No pictures go into the copy. Write out every line below exactly.
__________
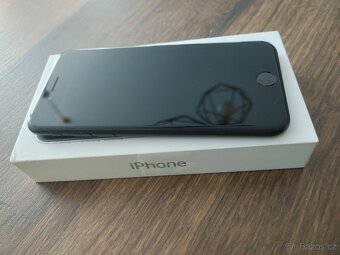 iPhone SE 2 gen. 64 GB 2021, 86/90% baterie-PEKNY,neposkozen - 3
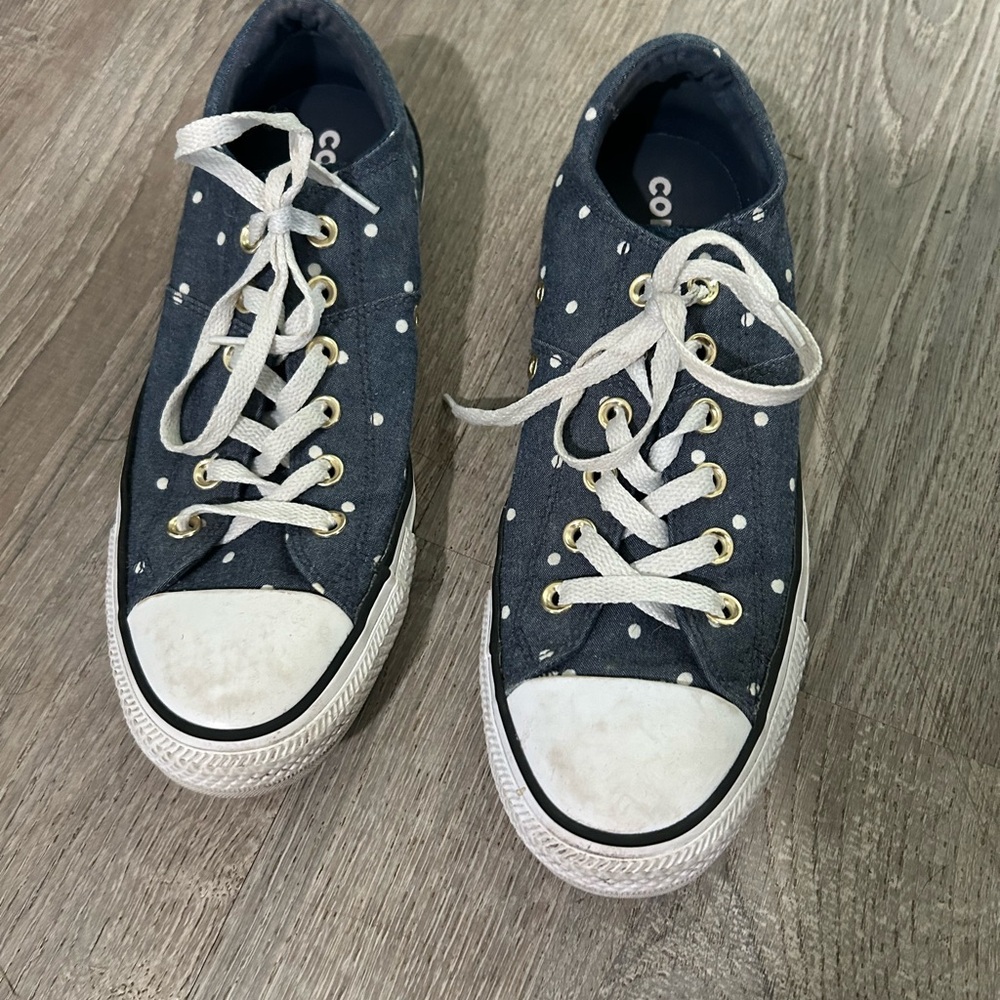 Converse Woman’s Navy Polka Dot Sneakers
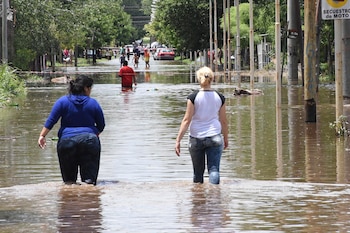 Con canoas y botes de goma, las personas fueron rescatadas por los bomberos, que luego las trasladaron hasta centros de evacuación dispuestos por la Municipalidad local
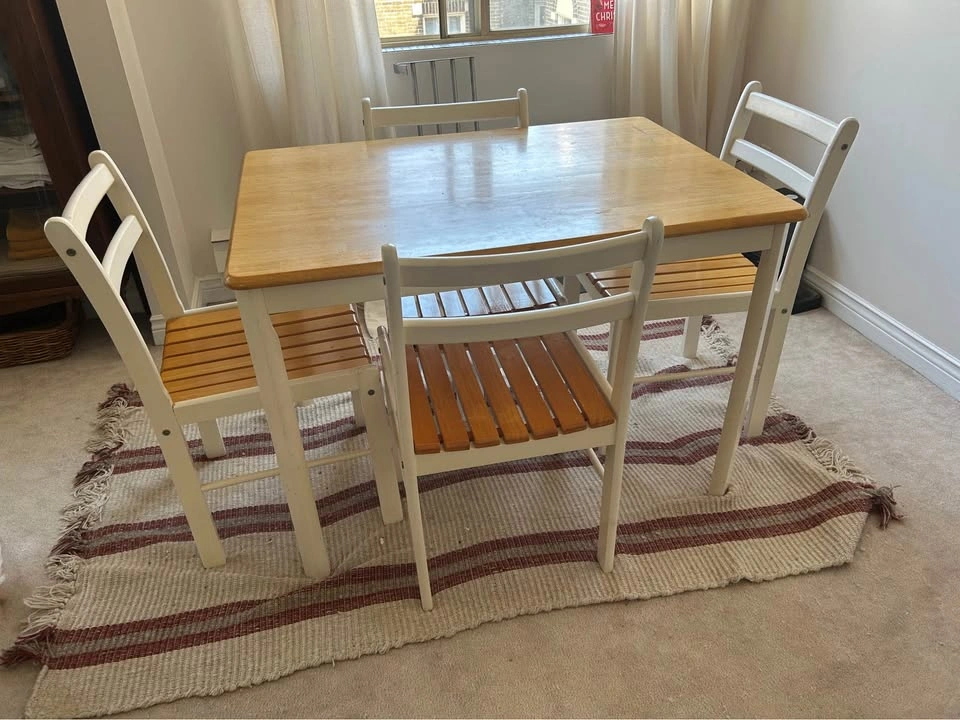 Solid wood dining table + four chairs - photo 2
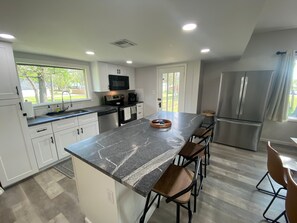 Fridge, microwave, oven, stovetop - Monkey Island Escape sleeps 8, surrounded by nature with views of Grand Lake. (Monkey Island)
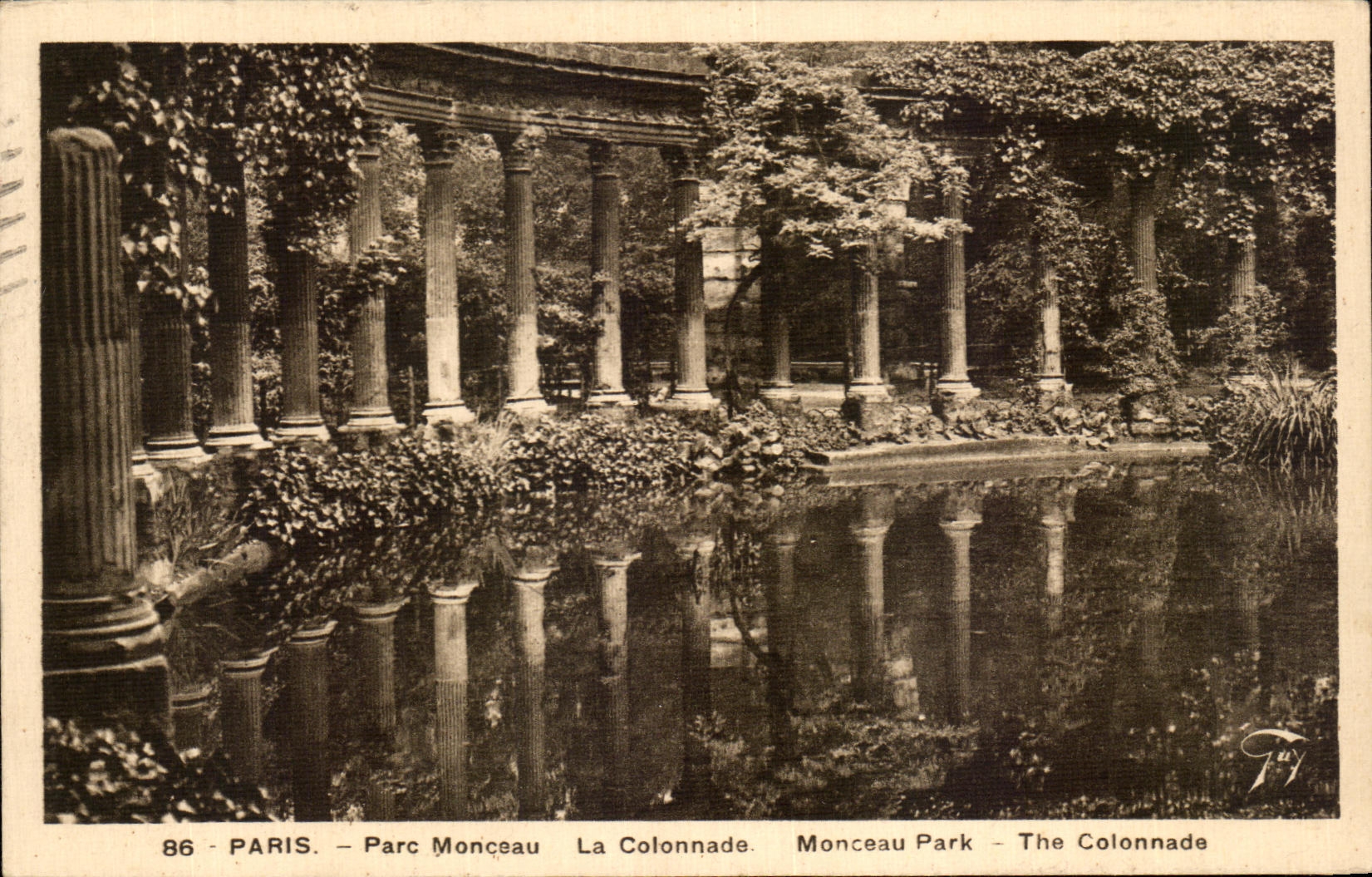 CPA Paris Park Heap the Colonnade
__________
**Written answer:**
 iPhone SE 2 gen. 64 GB 2021, 86/90% baterie-PEKNY,neposkozen - 3
 Converse Woman’s Navy Polka Dot Sneakers
 Con canoas y botes de goma, las personas fueron rescatadas por los bomberos, que luego las trasladaron hasta centros de evacuación dispuestos por la Municipalidad local
 Solid wood dining table + four chairs - photo 2
 Fridge, microwave, oven, stovetop - Monkey Island Escape sleeps 8, surrounded by nature with views of Grand Lake. (Monkey Island)
 CPA Paris Park Heap the Colonnade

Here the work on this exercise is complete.